Impossibility Theorems for Feature Attribution (2212.11870v3)

Abstract: Despite a sea of interpretability methods that can produce plausible explanations, the field has also empirically seen many failure cases of such methods. In light of these results, it remains unclear for practitioners how to use these methods and choose between them in a principled way. In this paper, we show that for moderately rich model classes (easily satisfied by neural networks), any feature attribution method that is complete and linear -- for example, Integrated Gradients and SHAP -- can provably fail to improve on random guessing for inferring model behaviour. Our results apply to common end-tasks such as characterizing local model behaviour, identifying spurious features, and algorithmic recourse. One takeaway from our work is the importance of concretely defining end-tasks: once such an end-task is defined, a simple and direct approach of repeated model evaluations can outperform many other complex feature attribution methods.

• The paper establishes that complete, linear feature attribution methods often perform no better than random guessing in counterfactual analysis.
• It rigorously formalizes the limitations of popular techniques such as Integrated Gradients and SHAP through impossibility theorems supported by empirical data.
• The study proposes a brute-force querying approach as a reliable, though computationally intensive, alternative, urging the development of more robust interpretability methods.

An Overview of "Impossibility Theorems for Feature Attribution"

The paper "Impossibility Theorems for Feature Attribution" by Blair Bilodeau, Natasha Jaques, Pang Wei Koh, and Been Kim addresses the challenges and limitations of feature attribution methods in machine learning. These methods are crucial for interpreting the behavior of complex models like neural networks, particularly in making sense of decisions or predictions. However, this research presents theoretical results showing inherent limitations in popular attribution techniques such as Integrated Gradients and SHAP.

Key Findings and Theoretical Implications

The main result is the establishment that for a wide class of models, any feature attribution method satisfying completeness and linearity, such as Integrated Gradients and SHAP, can only match random guessing when attempting to infer certain aspects of model behavior. This applies to tasks such as algorithmic recourse, which involves determining the necessary changes to a feature to achieve a desired model prediction, and identifying spurious features that should not influence predictions but do.

The authors formalize counterfactual model behavior, which is central to many attribution tasks, and present impossibility theorems that demonstrate the inability of these methods to reliably infer changes in model behavior. The paper highlights two major flaws in complete and linear methods:

1. Sensitivity to how the model behaves on a baseline distribution that might be far from the test data, causing potential inconsistencies.
2. The completeness criterion causes attributions to sum to a meaningful reference value, which unfortunately can misalign with resolving counterfactual questions.
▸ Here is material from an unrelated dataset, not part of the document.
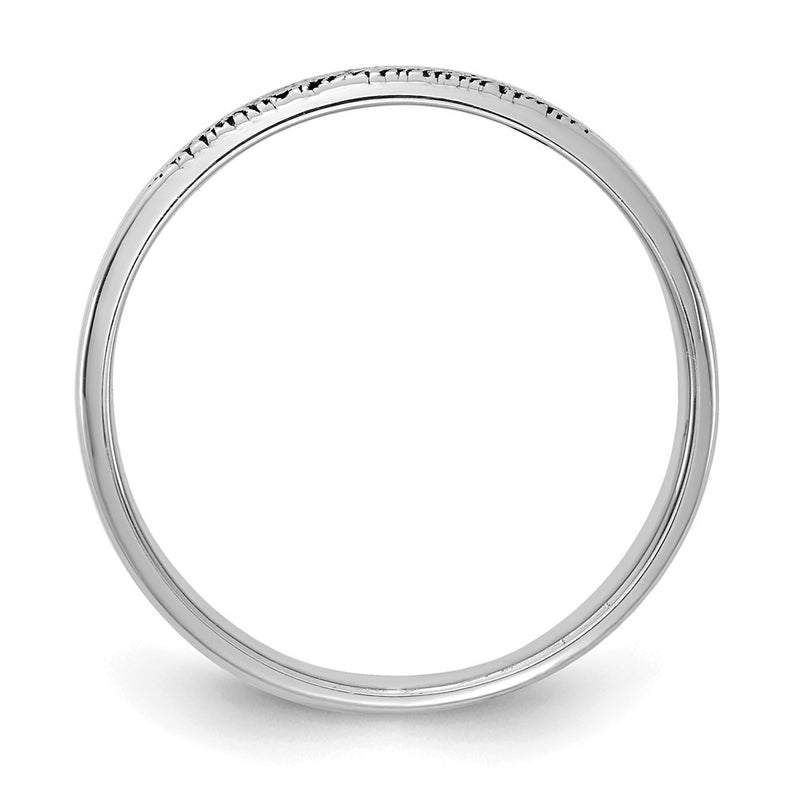 14K White Gold Fingerprint Ring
Theoretical Results and Empirical Validation

The paper goes beyond theoretical demonstration by empirically validating these claims using trained neural networks on standard datasets. The experimental results show that these attribution methods often perform on par with random guessing when applied to real-world data across a variety of tasks and datasets.
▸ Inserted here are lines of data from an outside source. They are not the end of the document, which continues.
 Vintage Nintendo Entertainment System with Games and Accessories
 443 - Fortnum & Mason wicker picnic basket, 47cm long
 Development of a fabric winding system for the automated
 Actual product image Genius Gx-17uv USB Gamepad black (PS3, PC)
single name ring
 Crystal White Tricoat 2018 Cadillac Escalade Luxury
Additionally, the authors propose a rudimentary brute-force approach as a provable, although computationally expensive, method to infer model behavior by repeated querying. This method, which ensures theoretical reliability, highlights the need for further work in developing feature attribution techniques that are both computationally efficient and theoretically robust.

Implications for AI Practitioners and Future Research

The findings in this paper caution practitioners against over-reliance on popular attribution methods for high-stakes decision-making, especially in complex models. For AI researchers, these results underline the necessity of developing attribution methods that can achieve stronger guarantees. There is a clear call to refine these methods or develop new ones underpinned with sound theoretical results. For application scenarios that require high reliability, methods that are task-specific and leverage model-specific insights might be necessary.

Moreover, the exploration of the sample complexity of achieving reliable inference via brute-force methods paves the way for new investigations into more efficient algorithmic solutions. Exploring optimization techniques and formal decision-theoretic frameworks might contribute significantly to enhancing the efficacy of interpretability methods in machine learning.

In conclusion, this paper makes substantial contributions to the understanding of the limitations of feature attribution methods in machine learning. It challenges the community to rethink the design and application of interpretability tools, ensuring they are robust enough for practical use while guiding theoretical advances in this critical area of AI research.